In quegli anni, importanti erano stati i fermenti democratici e liberali in Italia, dalla resistenza in poi; solo i socialisti si erano attardati nel giudizio allo stalinismo prima dei fatti d’Ungheria del 1956; Giuseppe Saragat fu il più lucido analista politico e credo sia giunto il tempo di rileggere e rivalutare la sua opera; ma come cultura fu il Partito d’Azione l’avanguardia delle lotte per la libertà, per la pace e per la futura Europa, fondamentale il manifesto di Ventotene. Un’elitè forte culturalmente ma ininfluente e sconosciuta a livello popolare. Una formazione politica alla quale tanto dobbiamo per il futuro democratico e per la civiltà giuridica dell’Italia e dell’Europa.

Nel Partito d’Azione confluirono il movimento Giustizia e Libertà fondato da Carlo Rosselli, i circoli liberal-socialisti di Guido Calogero e Aldo Capitini, grandi repubblicani come come Ugo La Malfa, e poi Luigi Salvatorelli e Adolfo Omodeo, Emilio Lussu, Augusto Monti e Guido Dorso, Ernesto Rossi, Vittorio Foa, Altiero Spinelli e Pietro Calamandrei. Uomini e gruppi che avevano come riferimento Ferruccio Parri, capo pluridecorato della Resistenza, che sarebbe divenuto Presidente del Consiglio, nell’immediato dopoguerra, nel giugno del 1945.

Un flash-back per me significativo a chiusura di questa breve riflessione che, se guarda alla storia, ha anche natura molto personale.

Il 21 agosto 1964 moriva Palmiro Togliatti, segretario generale del PCI. Il leader comunista e Nilde Jotti trascorrevano le vacanze estive a Yalta, sul Mar d’Azov, in territorio ucraino, insieme ad altri dirigenti dell’epoca, fra questi Luciano Lama.

Nelle prime ore pomeridiane del giorno successivo un professore, uno zio a me caro, grande studioso dell’azionismo, era alla scrivania nel suo studio palermitano in Via Antonio Veneziano. Davanti a lui gli studenti che abitualmente affollavano le sue lezioni private del pomeriggio. Io avevo 11 anni ma ero curiosissimo dei fatti dei grandi, e mi trovavo lì presente in seconda fila.

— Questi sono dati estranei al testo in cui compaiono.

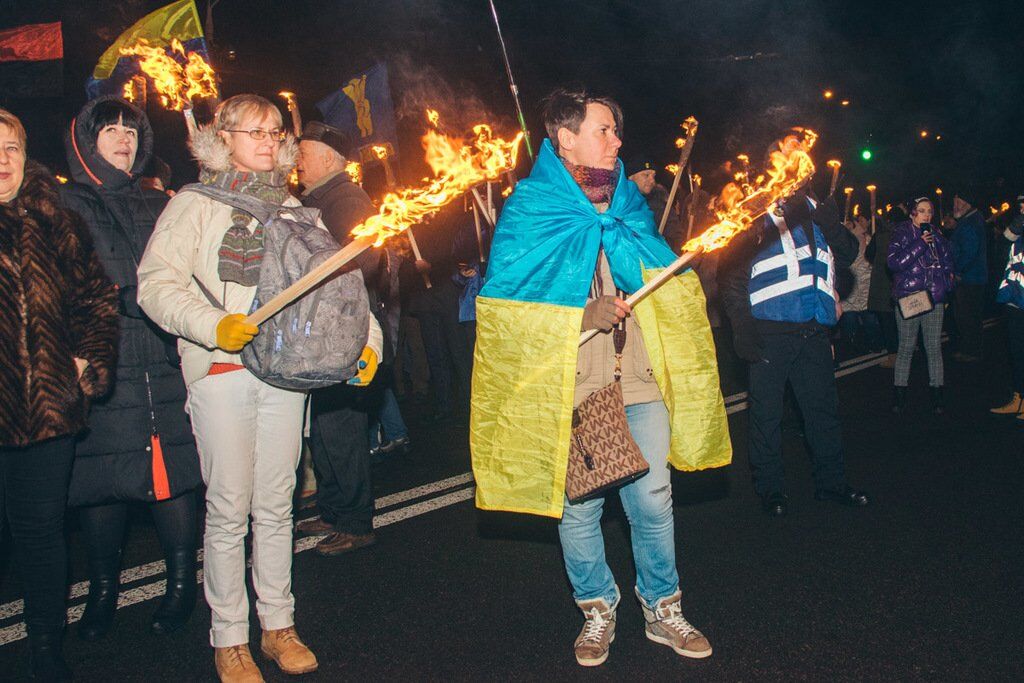Снеговики и ''Героям слава!'' В Киеве прошел уникальный марш в честь Бандеры. Все подробности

Il generoso pedagogo di studenti non sempre o necessariamente paganti, sfogliava L’Ora, quotidiano comunista palermitano del pomeriggio. D’improvviso alzò lo sguardo verso di noi e a fil di voce sussurrò: “È morto un grand’uomo!”.

Tutti tacemmo, forse non consapevoli del momento, certamente ignari che un uomo di pensiero libero stesse celebrando con rispetto e ammirazione la morte di uno dei grandi protagonisti del comunismo internazionale.

Questo fu per me, e resta oggi, pur fra rapide suggestioni affidate alla memoria, il profilo di una Sinistra italiana che non seppe avere un’altra storia e che oggi più che mai fatica a trovarla.

Rimane tuttavia in eredità una grande cultura nazionale che ha illuminato le esperienze più alte della politica italiana, dal viaggio difficile dei primi governi repubblicani e di Centrosinistra al cantiere rigoglioso del PSI, seconda parte anni ’70 e ’80, segnato da un rovinoso sistema di potere partitocratico.

Oggi questa cultura liberale, socialista e azionista è forte e radicata nel mondo accademico e nel dibattito pubblico ma necessita di un partito politico strutturato, fenomeno sempre complesso ma imprescindibile per un’ambiziosa attività di governo, in esso occorrerà forgiare la schiena dorsale di una nuova Repubblica, le nuove classi dirigenti, i progetti riformatori della futura Italia in Europa.